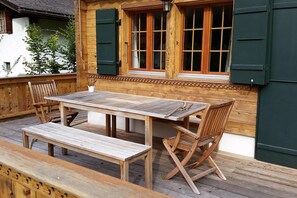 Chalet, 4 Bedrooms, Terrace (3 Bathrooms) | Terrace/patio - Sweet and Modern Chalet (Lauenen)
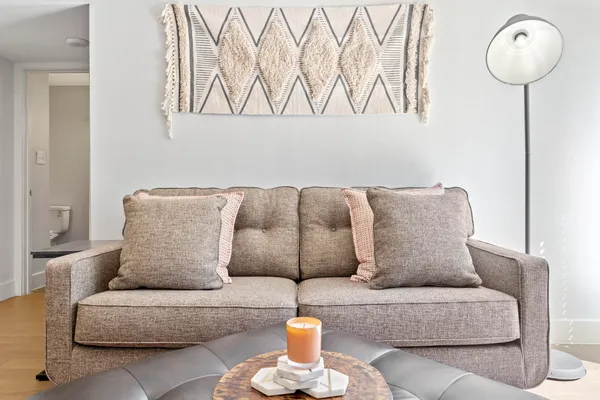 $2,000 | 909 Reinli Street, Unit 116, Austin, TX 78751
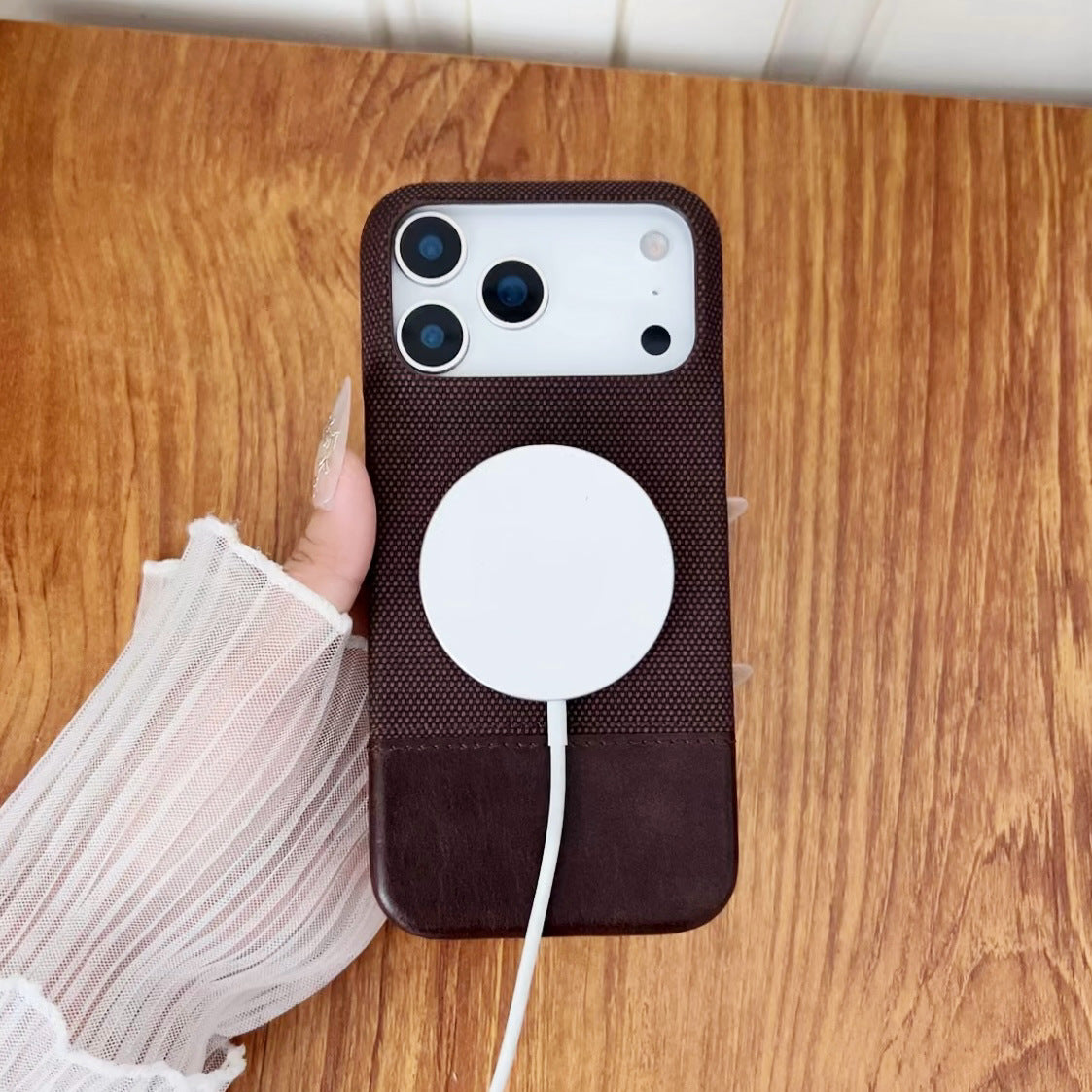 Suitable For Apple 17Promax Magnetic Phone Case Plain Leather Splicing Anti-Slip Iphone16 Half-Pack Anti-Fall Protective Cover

====

* _Task directions_: Please set down the data above exactly as given, leaving every picture out.

* _Reply_:
 Chalet, 4 Bedrooms, Terrace (3 Bathrooms) | Terrace/patio - Sweet and Modern Chalet (Lauenen)
 $2,000 | 909 Reinli Street, Unit 116, Austin, TX 78751
 Suitable For Apple 17Promax Magnetic Phone Case Plain Leather Splicing Anti-Slip Iphone16 Half-Pack Anti-Fall Protective Cover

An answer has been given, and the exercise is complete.